Oleh: Egi Purnomo Aji
(Internship Advokat Konstitusi)
Dewan Perwakilan Daerah (DPD) Republik Indonesia (RI) sebagai lembaga negara yang lahir dari “Rahim” reformasi, dengan lain kata merupakan lembaga negara hasil konsepsi amandemen Undang-Undang Dasar 1945 (UUD). Gagasan dasar lahirnya lembaga DPD adalah keinginan untuk lebih mengakomodasi aspirasi daerah dan sekaligus memberi peran yang lebih besar kepada daerah dalam proses pengambilan keputusan politik, terutama hal-hal yang berkaitan langsung dengan kepentingan daerah.
Dalam sistem ketatanegaraan Indonesia, munculnya DPD RI juga berarti suatu konfigurasi politik yang mendasari pada gezagsverhouding (hubungan kekuasan) yang bersifat demokratis yang berdampak pada produk hukum yang responsif atas pengalaman Indonesia pada pemerintahan orde baru, di mana hubungan pusat dan daerah tidak harmonis dan pengambilan keputusan pemerintahan yang bersifat sentralistik. Sehingga mengakibatkan ketimpangan, kecemburuan sosial dan rasa ketidakadilan, dan diantaranya juga memberikan indikasi ancaman bagi Negara Kesatuan Republik Indonesia, serta juga dalam keanggotaan Majelis Permusyawaratan Rakyat RI selama ini ‘sebelum dilakukan amandemen’ (Jimly, 2006: 40-42) dianggap tidak memadai untuk menjawab tantangan-tantangan tersebut. Di samping itu juga berdampak pada keanekaragaman dan ciri khas suatu daerah tidak terakomodasi untuk hidup dan berkembang (Patrialis, 2013: 67).

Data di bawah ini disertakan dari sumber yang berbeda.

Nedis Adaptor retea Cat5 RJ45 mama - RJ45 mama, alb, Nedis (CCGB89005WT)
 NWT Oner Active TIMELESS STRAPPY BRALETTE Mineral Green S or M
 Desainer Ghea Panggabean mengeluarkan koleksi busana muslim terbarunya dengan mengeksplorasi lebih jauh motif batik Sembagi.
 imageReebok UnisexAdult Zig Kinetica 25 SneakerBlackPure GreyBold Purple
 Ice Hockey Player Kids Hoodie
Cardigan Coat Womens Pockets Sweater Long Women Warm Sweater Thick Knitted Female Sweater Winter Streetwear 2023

Keberadaan lembaga DPD RI merupakan upaya menjawab tantangan tersebut dengan menampung prinsip perwakilan daerah (Sekretariat Jenderal MPR RI, 2005: 93). Oleh (Jimly, 2005: 38 dan 49) unsur anggota DPD RI didasarkan atas cerminan prinsip regional representation dari tiap-tiap daerah provinsi. Berangkat dari realitas tersebut sejatinya peran DPD RI sebagai regional representation adalah untuk penyaluran aspirasi masyarakat serta dalam mengawal desentralisasi dan otonomi daerah, sehingga penyelenggaraan pemerintahan daerah dapat berjalan dengan baik (good governance). Lembaga DPD RI terbentuk dalam kerangka demokrasi maka anggota DPD RI dipilih secara langsung oleh masyarakat di daerah melalui pemilu dengan 4 orang anggota perwakilan di setiap provinsi. Dalam rangka pelaksanaan revitalisasi DPD RI maka anggotanya perlu dibagi dengan masing-masing perwakilan 2 orang, baik di provinsi maupun di nasional. Dengan dipilihnya DPD RI melalui pemilu maka legitimasinya dapat dinyatakan kuat, kendati demikian legitimasi tersebut tidak berbanding lurus dengan kewenangan yang diberikan, terlebih jika dibandingkan DPR RI yang sama-sama dipilih melalui pemilu.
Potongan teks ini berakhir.